==== SOURCE MATERIAL ====

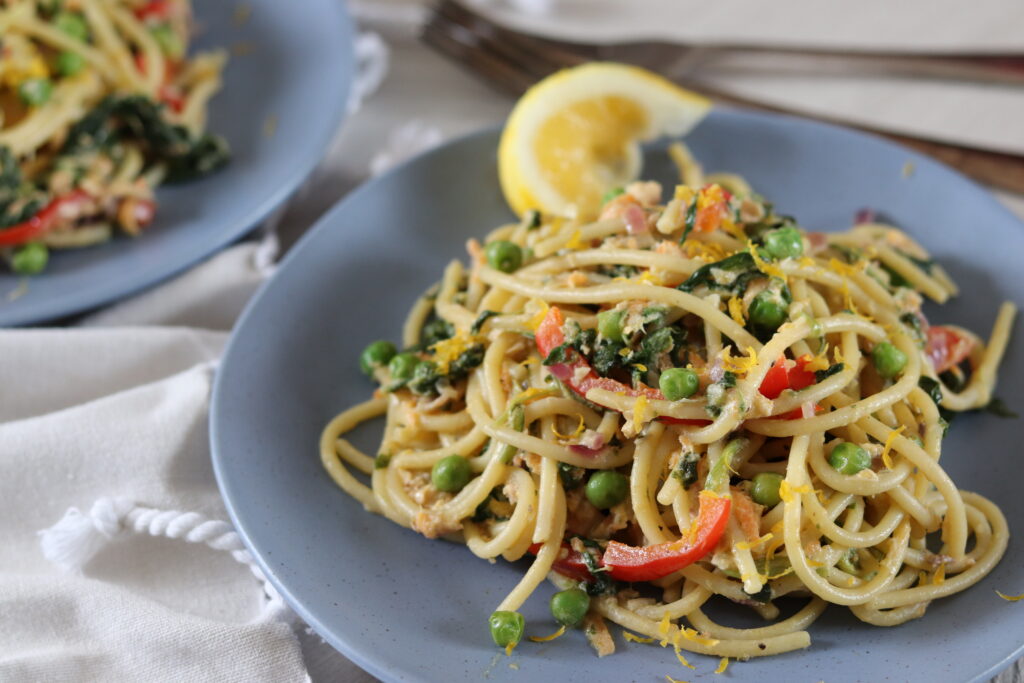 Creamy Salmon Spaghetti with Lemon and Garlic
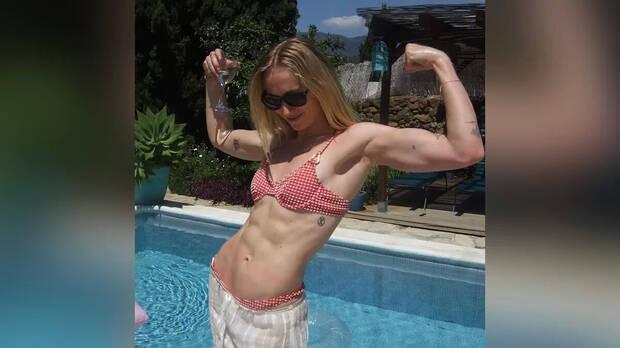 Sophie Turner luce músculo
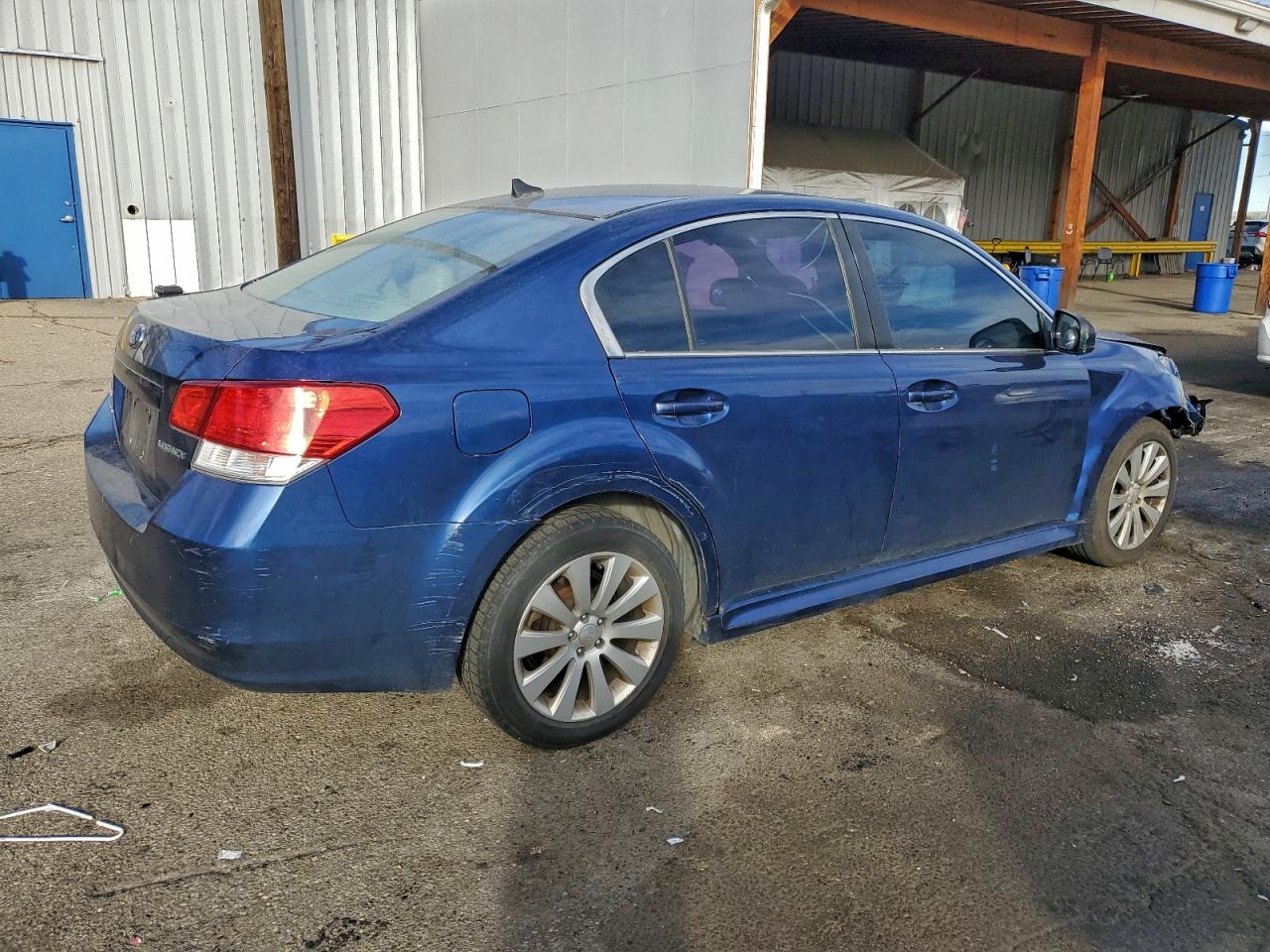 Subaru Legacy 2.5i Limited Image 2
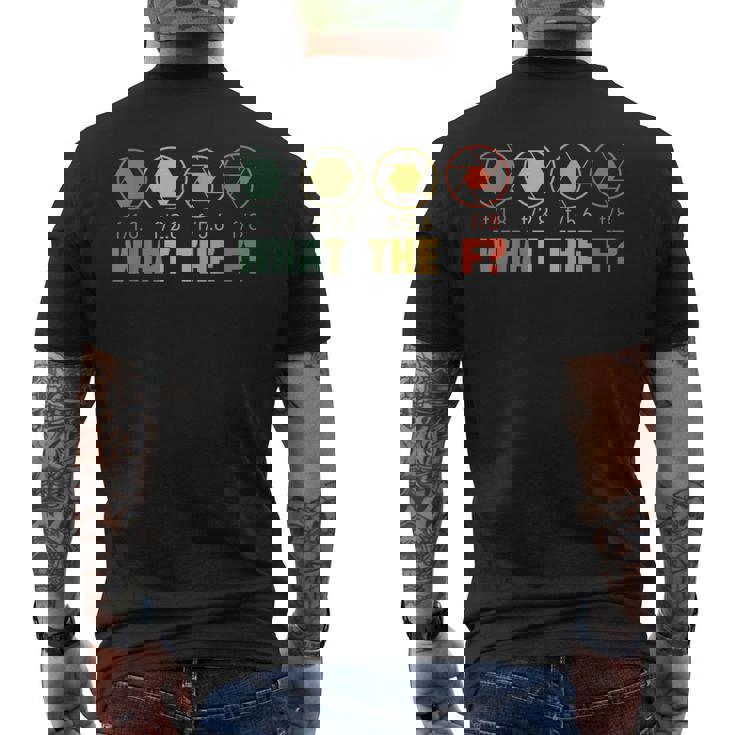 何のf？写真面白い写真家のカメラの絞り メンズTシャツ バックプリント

====

# BRIEF
Pictures are to be left out; the rest of the listing should be printed exactly.

# OUTPUT
 Creamy Salmon Spaghetti with Lemon and Garlic
 Sophie Turner luce músculo
 Subaru Legacy 2.5i Limited Image 2
 何のf？写真面白い写真家のカメラの絞り メンズTシャツ バックプリント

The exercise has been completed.